Kenya - St Kizito Vocational Training Institute

The St. Kizito Vocational Training Institute, located in the suburbs of Nairobi, has been set up by AVSI and the Dioceses of Nairobi with the financial support of the Italian Cooperation, and is run by AVSI. The Institute offers vocational training courses, normally of two years duration. Examinations are made by governmental or international institutions. When it was started, in 1993, it offered three vocational training courses and 63 were the students attending lessons. In 2001, it offers 8 courses (car mechanics and car electricians, electricians, electronic engineering, joiners, tailors, plumbers and metal working, secretarial work and computerized data processing) to some 400 students. As a whole, over 1300 students attended the school up to the year 2000. The school staff is composed of 29 people, out of which 21 teachers. 95% of students pass their examinations, which is a really significant percentage. The basic point of the work is the educational proposal to the young person as introduction to reality. This generates an attention to the all the needs of the youth attending the school and particularly to the educational need, implying that the vocational training offered has a high quality.
The answer to the educational need lays in the common work of teachers, that enhancing the consciousness of their educational function, enables to offer to the students a friendship exceeding the borders of the school life. Thus the school becomes an environment where young people experience the positive aspects of reality and may recover confidence and hope for themselves.
Such position led the school to experience a real opening toward the social reality, in particular the business world, to which the school proposes the possibility of a common work, in order to make training really effective from the point of view of the requirements of the job market. Many managers and businessmen have entered a consolidated relationship with the school : for instance Pirelli, Toyota, and General Motors are available for training teachers, offer apprenticeship opportunities to the students, and equipment for the laboratories).

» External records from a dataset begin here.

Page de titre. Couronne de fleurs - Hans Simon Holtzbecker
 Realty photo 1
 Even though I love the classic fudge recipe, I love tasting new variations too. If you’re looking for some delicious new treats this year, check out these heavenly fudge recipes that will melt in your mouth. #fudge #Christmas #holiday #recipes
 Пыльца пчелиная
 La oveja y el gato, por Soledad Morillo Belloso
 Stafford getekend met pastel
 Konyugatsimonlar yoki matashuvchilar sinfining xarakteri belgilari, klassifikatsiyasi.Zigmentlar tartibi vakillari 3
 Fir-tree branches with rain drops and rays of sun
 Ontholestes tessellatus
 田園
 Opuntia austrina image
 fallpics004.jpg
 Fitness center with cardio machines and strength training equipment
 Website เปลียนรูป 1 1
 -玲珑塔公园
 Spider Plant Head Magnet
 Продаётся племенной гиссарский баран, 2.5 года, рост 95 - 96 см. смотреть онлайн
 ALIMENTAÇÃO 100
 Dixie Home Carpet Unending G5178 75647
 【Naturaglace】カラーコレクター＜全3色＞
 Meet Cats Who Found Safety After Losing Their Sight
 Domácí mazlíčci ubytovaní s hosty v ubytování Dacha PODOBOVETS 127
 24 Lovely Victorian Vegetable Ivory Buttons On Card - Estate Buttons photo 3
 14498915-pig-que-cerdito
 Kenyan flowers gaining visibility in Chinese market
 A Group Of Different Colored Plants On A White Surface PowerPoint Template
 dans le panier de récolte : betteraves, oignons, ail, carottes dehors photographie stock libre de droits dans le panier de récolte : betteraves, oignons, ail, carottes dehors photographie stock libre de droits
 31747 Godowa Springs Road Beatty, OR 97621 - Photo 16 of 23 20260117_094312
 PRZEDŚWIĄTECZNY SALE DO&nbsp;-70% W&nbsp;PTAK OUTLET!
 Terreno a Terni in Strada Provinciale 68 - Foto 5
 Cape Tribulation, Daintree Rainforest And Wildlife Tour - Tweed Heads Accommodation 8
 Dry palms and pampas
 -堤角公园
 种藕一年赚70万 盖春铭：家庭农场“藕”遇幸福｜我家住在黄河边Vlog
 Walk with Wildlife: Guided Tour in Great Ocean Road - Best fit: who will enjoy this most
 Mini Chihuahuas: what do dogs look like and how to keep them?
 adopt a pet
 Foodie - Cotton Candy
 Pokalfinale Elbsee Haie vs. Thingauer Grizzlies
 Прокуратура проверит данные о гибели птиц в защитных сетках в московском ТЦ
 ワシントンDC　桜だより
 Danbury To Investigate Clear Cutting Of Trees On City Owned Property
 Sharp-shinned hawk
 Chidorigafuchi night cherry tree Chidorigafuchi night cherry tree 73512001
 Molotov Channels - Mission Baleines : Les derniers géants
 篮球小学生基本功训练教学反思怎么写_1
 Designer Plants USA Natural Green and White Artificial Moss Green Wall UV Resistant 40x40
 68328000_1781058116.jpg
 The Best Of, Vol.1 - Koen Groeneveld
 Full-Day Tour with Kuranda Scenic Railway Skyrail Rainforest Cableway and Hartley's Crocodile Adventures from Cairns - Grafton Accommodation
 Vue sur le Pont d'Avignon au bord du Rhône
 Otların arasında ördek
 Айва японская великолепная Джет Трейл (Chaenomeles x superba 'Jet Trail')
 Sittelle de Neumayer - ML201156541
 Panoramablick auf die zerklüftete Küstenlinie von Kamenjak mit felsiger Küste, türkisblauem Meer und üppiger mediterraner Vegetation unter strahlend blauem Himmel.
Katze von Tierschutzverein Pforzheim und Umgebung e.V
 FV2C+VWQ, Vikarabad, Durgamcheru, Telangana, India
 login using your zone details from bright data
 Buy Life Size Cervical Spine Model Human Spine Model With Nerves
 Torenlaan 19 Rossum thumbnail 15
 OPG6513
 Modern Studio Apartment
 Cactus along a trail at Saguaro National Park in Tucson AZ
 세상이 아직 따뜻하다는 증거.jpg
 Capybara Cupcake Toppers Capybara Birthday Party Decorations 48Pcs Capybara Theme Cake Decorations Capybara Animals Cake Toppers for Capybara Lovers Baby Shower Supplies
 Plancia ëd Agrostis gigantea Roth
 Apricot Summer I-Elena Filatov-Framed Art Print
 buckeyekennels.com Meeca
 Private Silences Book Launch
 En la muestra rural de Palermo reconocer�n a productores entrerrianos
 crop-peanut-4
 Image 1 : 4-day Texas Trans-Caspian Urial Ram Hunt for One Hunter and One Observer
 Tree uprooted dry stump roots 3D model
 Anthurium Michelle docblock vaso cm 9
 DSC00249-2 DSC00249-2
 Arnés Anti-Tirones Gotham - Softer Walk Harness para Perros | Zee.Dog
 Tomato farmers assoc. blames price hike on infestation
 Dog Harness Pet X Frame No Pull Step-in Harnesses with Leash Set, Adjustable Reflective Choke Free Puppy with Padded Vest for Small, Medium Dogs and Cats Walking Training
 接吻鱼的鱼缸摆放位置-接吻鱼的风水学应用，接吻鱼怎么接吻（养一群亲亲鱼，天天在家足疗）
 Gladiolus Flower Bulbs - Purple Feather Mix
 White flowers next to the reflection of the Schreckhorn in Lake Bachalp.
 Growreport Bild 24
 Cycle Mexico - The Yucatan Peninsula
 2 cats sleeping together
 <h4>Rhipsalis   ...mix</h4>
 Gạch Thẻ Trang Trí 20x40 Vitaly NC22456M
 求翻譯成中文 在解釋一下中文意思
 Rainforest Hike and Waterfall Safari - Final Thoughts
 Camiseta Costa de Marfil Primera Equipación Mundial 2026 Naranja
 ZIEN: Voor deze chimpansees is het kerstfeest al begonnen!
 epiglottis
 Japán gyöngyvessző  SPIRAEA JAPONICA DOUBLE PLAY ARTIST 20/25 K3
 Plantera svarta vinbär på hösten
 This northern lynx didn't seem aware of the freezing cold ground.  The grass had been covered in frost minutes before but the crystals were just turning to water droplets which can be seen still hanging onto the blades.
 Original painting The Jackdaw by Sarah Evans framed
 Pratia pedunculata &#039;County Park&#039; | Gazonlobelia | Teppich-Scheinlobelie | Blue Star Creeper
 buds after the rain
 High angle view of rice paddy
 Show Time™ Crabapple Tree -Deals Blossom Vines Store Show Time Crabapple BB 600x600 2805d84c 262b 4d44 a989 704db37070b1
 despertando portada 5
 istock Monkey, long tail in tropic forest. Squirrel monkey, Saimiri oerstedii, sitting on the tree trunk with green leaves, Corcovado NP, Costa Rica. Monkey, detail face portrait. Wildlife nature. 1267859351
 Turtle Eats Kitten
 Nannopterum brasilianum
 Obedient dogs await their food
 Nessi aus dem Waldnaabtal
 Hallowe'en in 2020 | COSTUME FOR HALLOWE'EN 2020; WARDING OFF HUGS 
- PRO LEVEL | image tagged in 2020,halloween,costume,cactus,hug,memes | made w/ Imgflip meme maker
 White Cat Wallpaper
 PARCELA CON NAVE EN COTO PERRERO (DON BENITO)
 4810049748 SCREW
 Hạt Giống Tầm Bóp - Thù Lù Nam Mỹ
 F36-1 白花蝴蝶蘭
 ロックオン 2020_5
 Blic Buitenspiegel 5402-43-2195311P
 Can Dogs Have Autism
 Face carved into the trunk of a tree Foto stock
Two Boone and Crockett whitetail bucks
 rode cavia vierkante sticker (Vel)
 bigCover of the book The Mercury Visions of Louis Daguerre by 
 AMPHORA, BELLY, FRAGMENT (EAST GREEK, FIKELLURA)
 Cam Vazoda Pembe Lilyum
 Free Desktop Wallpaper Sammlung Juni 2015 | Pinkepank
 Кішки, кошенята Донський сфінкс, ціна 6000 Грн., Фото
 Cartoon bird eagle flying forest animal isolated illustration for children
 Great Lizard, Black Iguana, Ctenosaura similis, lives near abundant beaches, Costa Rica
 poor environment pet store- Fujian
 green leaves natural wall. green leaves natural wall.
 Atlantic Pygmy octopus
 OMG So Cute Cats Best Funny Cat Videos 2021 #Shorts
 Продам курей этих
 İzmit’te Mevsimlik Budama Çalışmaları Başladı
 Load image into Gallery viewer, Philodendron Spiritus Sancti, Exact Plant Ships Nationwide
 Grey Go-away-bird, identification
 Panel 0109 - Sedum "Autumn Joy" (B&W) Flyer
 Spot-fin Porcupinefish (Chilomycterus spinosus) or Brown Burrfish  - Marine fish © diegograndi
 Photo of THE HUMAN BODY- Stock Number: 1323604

A partnership has also been entered among AVSI, the St. Kizito VTI and the not for profit association COWA (Companionship of Works Association) to help youth enter the job market. The collaboration provides help to unemployed or underemployed former students and to the youth of the Nairobi suburbs looking for job opportunities and starting small entrepreneurial activities. This activity is implemented through two specific services : the first one fosters communication between the young person looking for a job and the company, meeting the basic requirements of people (how to prepare a CV, how to face an interview, how to identify companies eventually interested to hire people, etc.) and offering the companies a point of reference able to prepare the candidate and to make a first selection . This is particularly important for companies looking for reliable staff. Over 400 people called on this service in 2001. The second one fosters a realistic and responsible approach to the opportunity of starting an entrepreneurial activity, through training and consulting services. A program has been identified to accompany the young people in the different steps of an entrepreneurial activity (from the idea, to the feasibility study, start up, etc.), enhancing the personal responsibility and supplying the proper professional tools.
The basic point of these two activities is also educational. An help to enhance the value of oneself and to take consciousness of reality and the proposal of a place alternative to solitude, also and particularly from the professional point of view. Some 110 people have attended the training courses since March 2001, promoting the start-up of 23 micro-businesses, also through limited loans to make the start-up of the activity possible.

THE VOCATIONAL TRAINING

AVSI is directly involved in the support and in the daily running of two vocational training schools of Kampala. The two schools are private and managed by the local NGO COWA (Companionship Of Works Association) that is part to the AVSI networks. The private vocational training sector is the only one partially effective in Uganda, because the government has not enough resources to cover all the country with proper infrastructures. Recently a big international project for the upgrading of the vocational training in Uganda, with international donors and the approval of the government, has targeted 20 private institutions all over Uganda and among them there are the two schools of COWA.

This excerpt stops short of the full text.